GEOPHYSICAL INVESTIGATION OF TUNNEL CHANNELS

Tunnel channels were common subglacial drainage features along the southern margin of the Laurentide Ice Sheet during the Marine Isotope Stage 2. In Wisconsin, their locations are marked by a series of sinuous collapse surface depressions that extend ~15 km perpendicular to the margin. Geologic evidence indicates tunnel channels were carved into the surrounding geology through sudden subglacial lake drainage events. It is difficult to estimate the size of the tunnel channels using their modern surface expression because ice likely filled the subglacial channel and they were subsequently buried by ~100s meters of glacial sediment. Their collapsed surface is often the site of kettle lakes that may be hydraulically connected.

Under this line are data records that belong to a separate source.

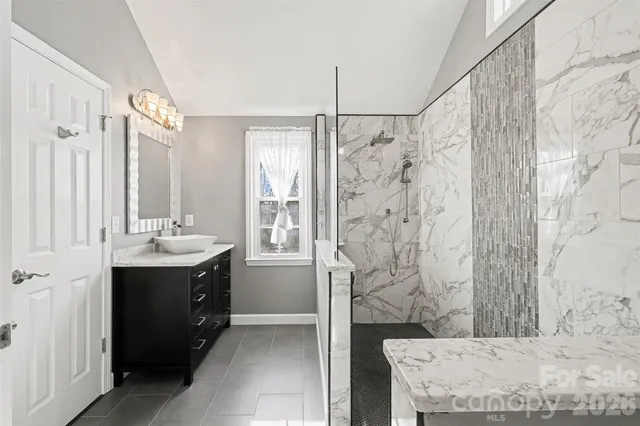 a bathroom with a granite countertop sink mirror and a bathtub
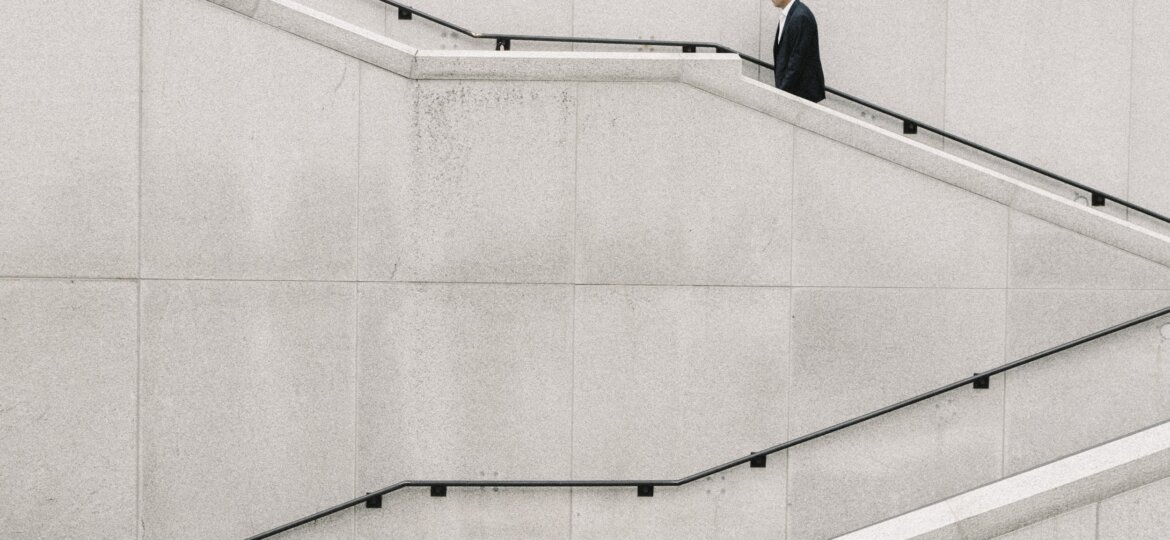 Man climbing white stairs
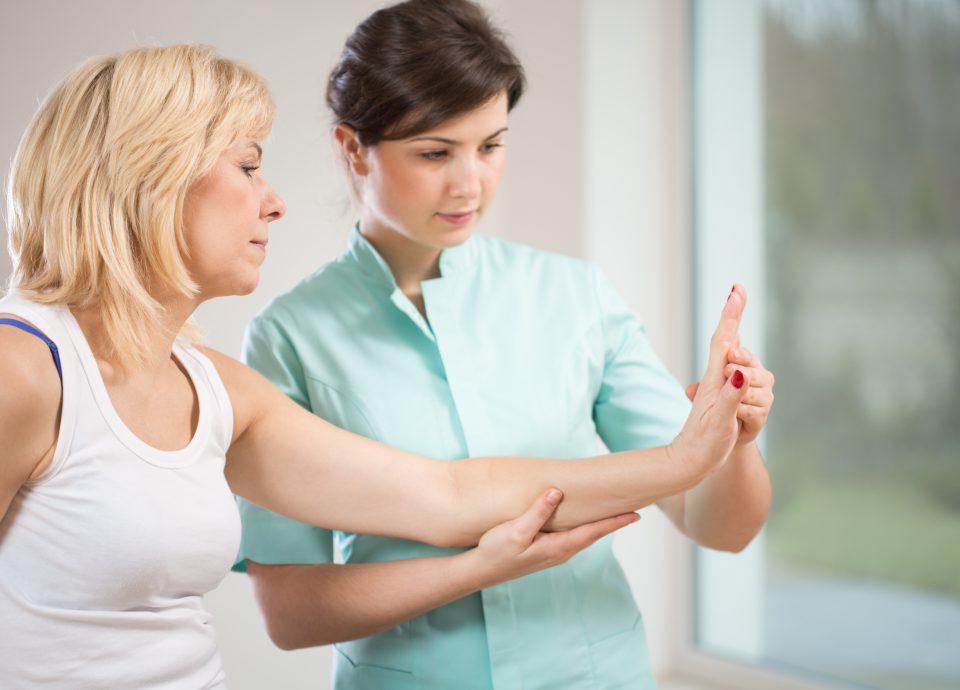 Therapist examining female patient's wrist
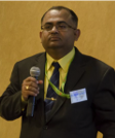 Amitava Adhikary holding a microphone.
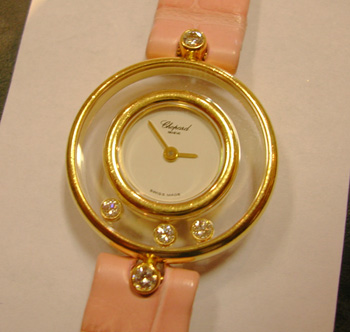 Lady's <b>Chopard</b> "Happy Diamonds" quartz watch on a NEW pink Chopard strap.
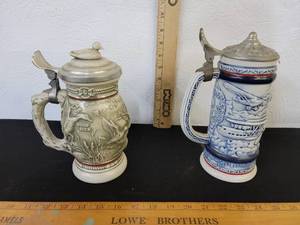 lot 336 image: AVON Ducks Of The American Wilderness Stein And AVON Planes Stein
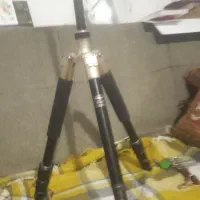 سه پایه دوربین تراز دار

We conducted reflection/refraction seismic profile surveys across three tunnel channels located on the western margin of Green Bay Lobe (GBL), located ~6-7 km east of the former ice margin, to determine their size, depth of incision and the local subsurface stratigraphy. Each seismic profile was about 1 km long with 2.5 m common midpoint spacing at nominally 12 folds. Hammer blow and assisted weight drop sources were used and impacts were stacked ca. 5-fold to improve the signal to noise ratio. Passive seismic and geoprobe data were also collected to better constrain the dimensions of the tunnel channels and the seismic velocity model. We will present results from the most studied tunnel channel in central Wisconsin.

The geophysical survey result indicate that the studied tunnel channel incised approximately 60 m into the surrounding material and was approximately 450 m wide. The sediment surrounding the tunnel channel had a velocity of 1400-1500 m/s while the tunnel channel was filled with ca. 60 m of sediment with a slightly lower velocity, 1200-1300 m/s, indicating a different genesis for the sediments inside and outside of the tunnel channel. Atop the region was a 30-m layer of sand and gravel with a low velocity, 400-600 m/s. The average channel relief was six times greater than the corresponding surface relief. The high porosity sediments in the tunnel channels likely provide a pathway of high hydraulic conductivity, which warrants further study.